Capacity of Two-Way Channels with Symmetry Properties

TL;DR

This paper uses symmetry properties to exactly determine the capacity regions of various two-way channels, showing that under certain conditions, simple coding strategies are sufficient and adaptive coding offers no capacity advantage.

Contribution

It generalizes prior results by identifying symmetry conditions that make the Shannon-type inner bound tight for multiple two-way channel types, including those with memory.

Findings

Capacity regions are exactly determined for symmetric two-user TWCs.

Symmetry conditions under which adaptive coding does not improve capacity are identified.
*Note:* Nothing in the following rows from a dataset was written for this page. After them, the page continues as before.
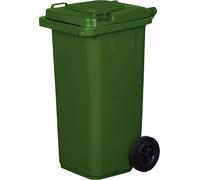 GARDIVO Poubelle 120 litres Poubelle pour déchets résiduels Poubelle avec 2 roues silencieuses Couvercle rabattable avec deux poignées Vert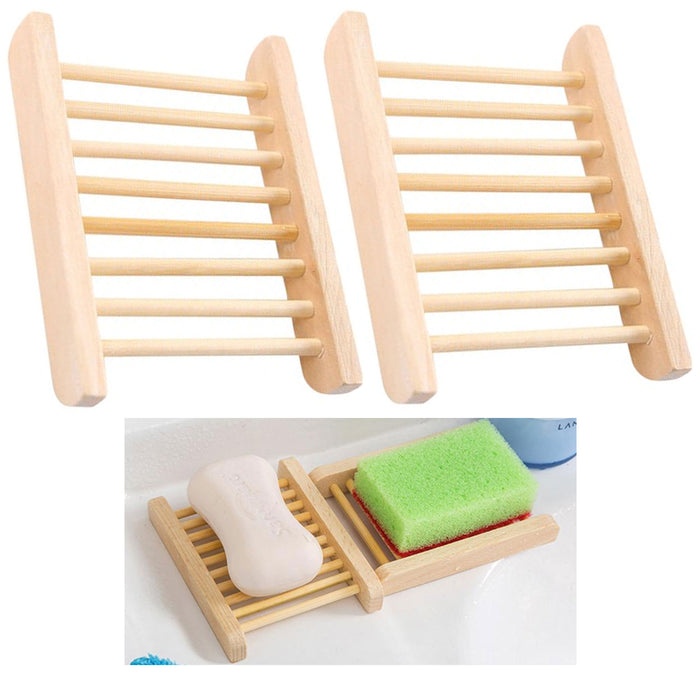 2 Natural Wooden Bamboo Soap Bar Dish Tray Holder Storage Rack Plate Box Travel
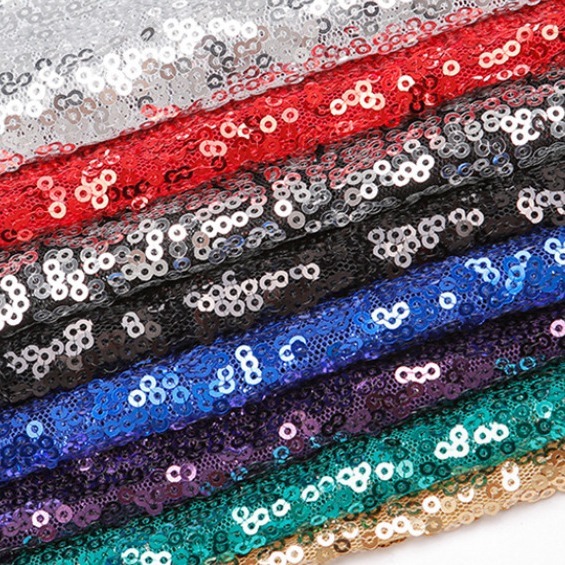 現物の3mmの乱紋網布のスパンコールのテーブルクロスの壁の布のビーズの刺繍の布のストラップの服装のワンピースの生地|undefined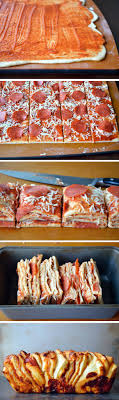 Pizza Pull Apart Bread Made This It Wasn T Nearly As Messy To Make As I Was Afraid It Would Be But It Was Really Rich I Think I W Recipes Food Yummy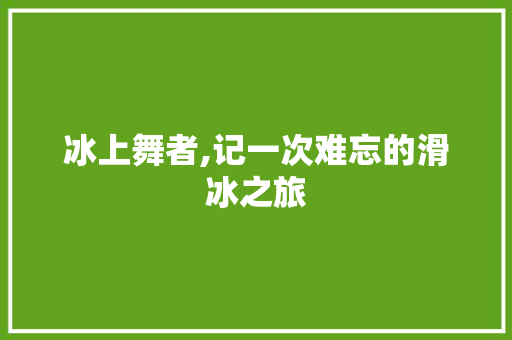 冰上舞者,记一次难忘的滑冰之旅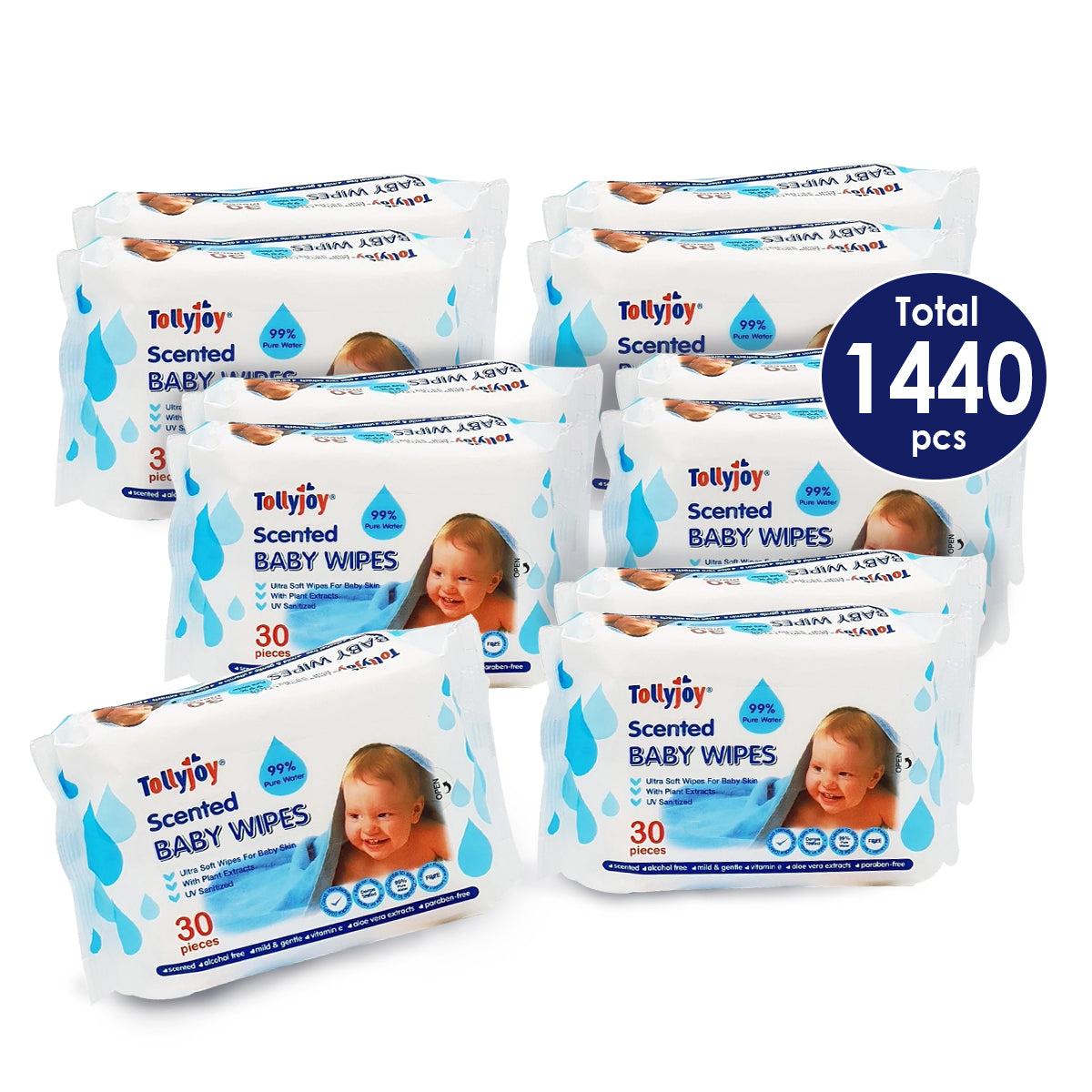 Tollyjoy Scented Baby Wipes - 2 In 1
The results extend to channels with memory and multiuser configurations.

Abstract

In this paper, we make use of channel symmetry properties to determine the capacity region of three types of two-way networks: (a) two-user memoryless two-way channels (TWCs), (b) two-user TWCs with memory, and (c) three-user multiaccess/degraded broadcast (MA/DB) TWCs. For each network, symmetry conditions under which a Shannon-type random coding inner bound (under independent non-adaptive inputs) is tight are given. For two-user memoryless TWCs, prior results are substantially generalized by viewing a TWC as two interacting state-dependent one-way channels. The capacity of symmetric TWCs with memory, whose outputs are functions of the inputs and independent stationary and ergodic noise processes, is also obtained. Moreover, various channel symmetry properties under which the Shannon-type inner bound is tight are identified for three-user MA/DB TWCs. The results not only enlarge the class of symmetric TWCs whose capacity region can be exactly determined but also imply that interactive adaptive coding, not improving capacity, is unnecessary for such channels.